== REQUIRED WORK ==
Transcribe the listing below exactly, without pictures.

[[ DATA BELOW open ]]

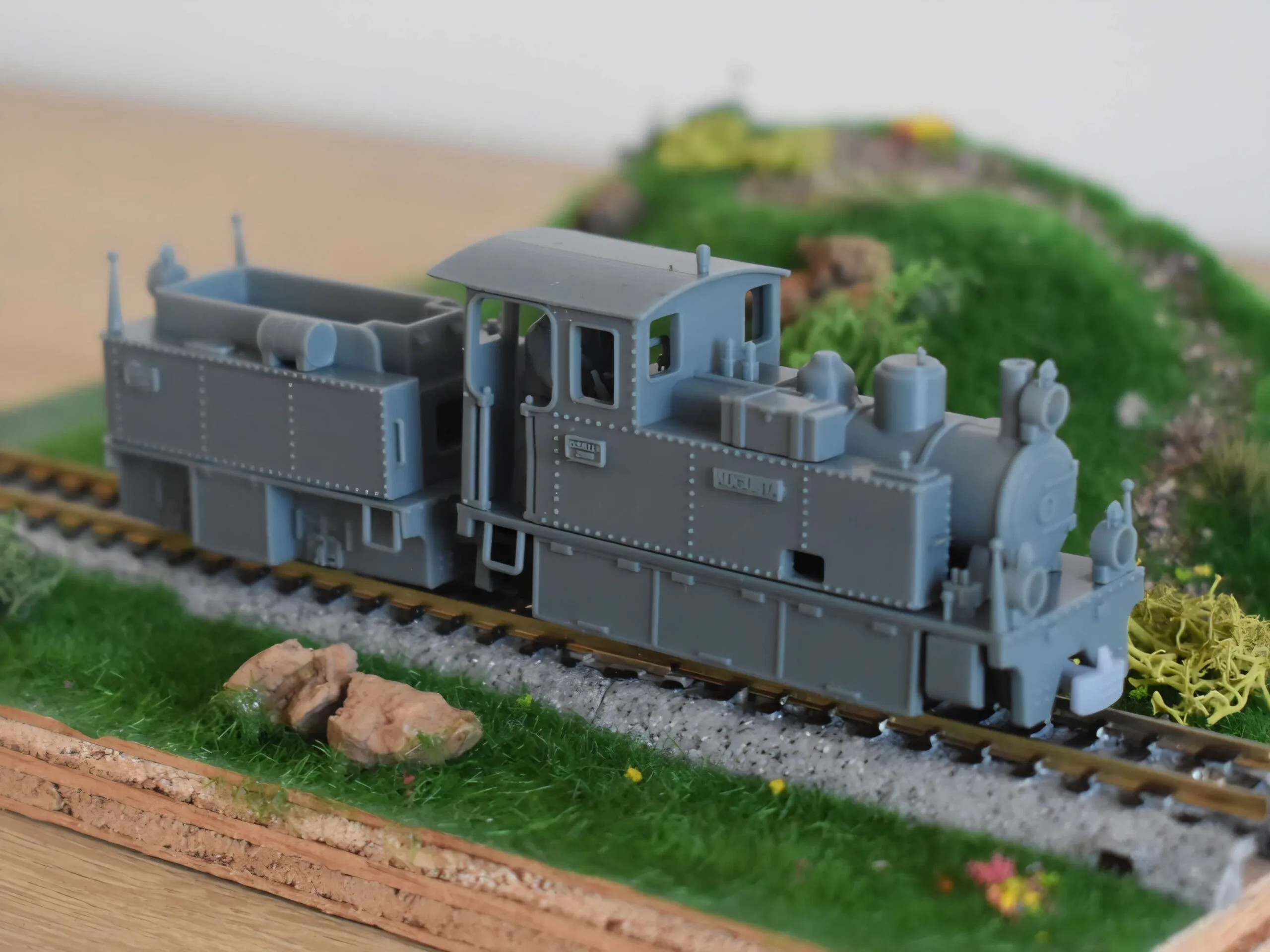 Locomotive Couillet Augusta vue de trois quarts avant, kit résine HOe à monter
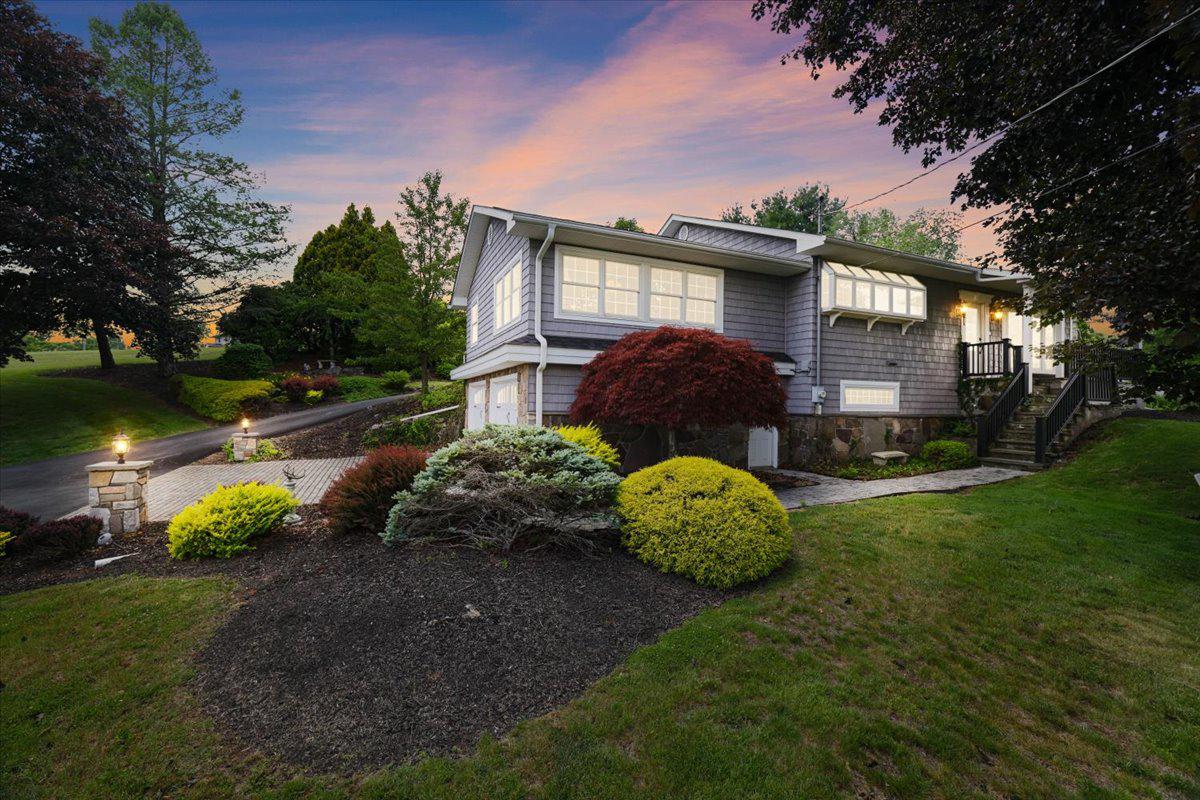 PAWN2000938 Property Photo 1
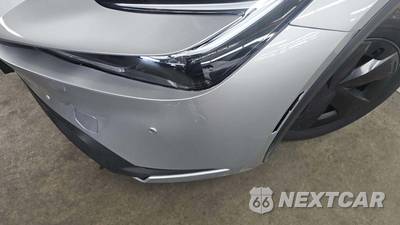 2025 Toyota Prius LE - zdjęcie 21 z 29 - miniatura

[[ DATA BELOW closed ]]

== EXERCISE ANSWER ==
 Locomotive Couillet Augusta vue de trois quarts avant, kit résine HOe à monter
 PAWN2000938 Property Photo 1
 2025 Toyota Prius LE - zdjęcie 21 z 29 - miniatura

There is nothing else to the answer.